O Brasil tem uma elite que se pós-graduou nas escolas da nova economia que ensinam o neo-liberalismo e a globalização. Até ai tudo bem. Afinal, todos os países latinos americanos fizeram o mesmo e, através dessa elite, estão aplicando exatamente a mesma receita macro-econômica. Não se pode esperar muita imaginação e criatividade nesse pessoal. Entretanto, o que é grave é que a elite brasileira parece que não fez todos os deveres de casa e portanto, entendeu errado o que foi ensinado.
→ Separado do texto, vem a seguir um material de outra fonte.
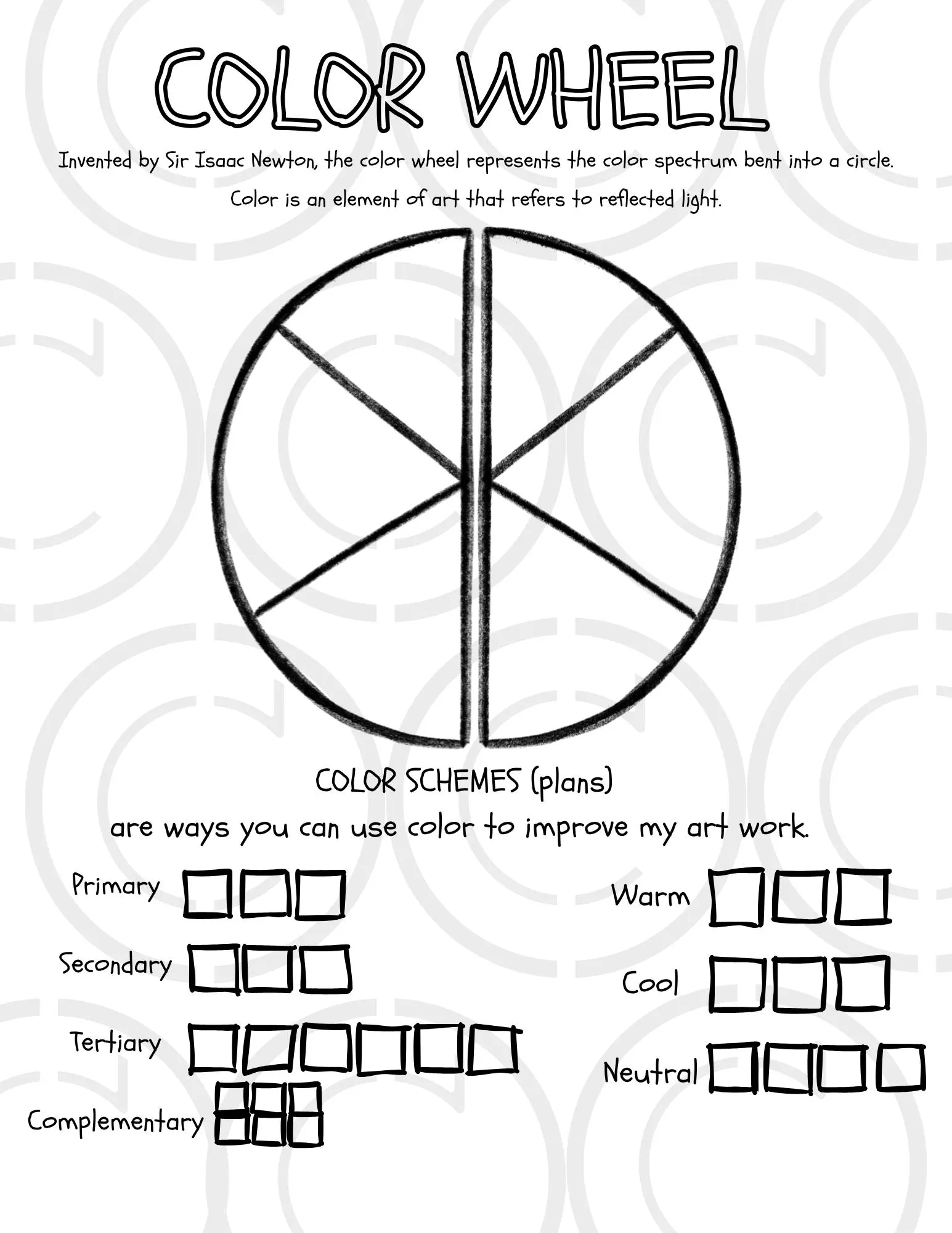 Color Spectrum worksheet featuring vibrant colors designed for third-grade students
Um dos mais reluzentes representantes dessa elite é o atual secretário de energia do ministério do mesmo nome. Sua postura nos últimos acontecimentos no Congresso e em debates na TV, é o da arrogância agressiva. Dá aulas e brada seus títulos acadêmicos com a maior naturalidade, não mostrando nenhum constrangimento pela situação que o país irá passar, fruto de um modelo que ajudou construir.


No último debate no programa Roda Viva pontificou em alta voz teses altamente discutíveis como se fossem verdades supremas. Uma delas, está no centro da proposta que está colocada para os Brasileiros para a “solução” dessa crise energética. No fundo, ele, um funcionário público, pago pelos nossos impostos, é o “porta-voz” de uma proposta indecorosa! Trata-se da idéia de que os sistemas energéticos, todos, sem exceção, devem adotar o sistema de sinalização econômica baseado no custo marginal internacional. Os preços de geração no Brasil seriam muito baixos, desestimulando os investimentos das novas usinas à gás, salvadoras da nossa penúria energética.


O conceito do custo marginal é simples, apesar do nome que não explica nada. Muito simplificadamente a tese é que os consumidores devem pagar não o custo passado dos investimentos, mas sim, o custo das novas instalações. Tudo muito lindo, pois quem poderia ser contra a viabilização da expansão? Afinal, cobrar dos consumidores um preço que cubra os custos de instalações futuras é o mínimo para garantir a continuidade do suprimento em um cenário de expansão da demanda.


Entretanto, para que essa teoria não cause prejuízos à sociedade, impõe-se ao poder público uma obrigação. É preciso saber se as unidades programadas estão sendo consideradas com um mínimo de lógica econômica. As usinas mais baratas devem ser construídas antes de opções mais caras, pois num cenário de expansão da demanda como o brasileiro, quem garante que não estaria ocorrendo o inverso? Sob essa inocente aparência academica, um verdadeiro assalto poderia ser praticado contra o consumidor. Evidentemente, esse governo não está interessado nessa responsabilidade, e, mais do que isso, destruiu o sistema de planejamento que ordenava as usinas por ordem de custo. Hoje o “custo marginal” brasileiro está uma bagunça!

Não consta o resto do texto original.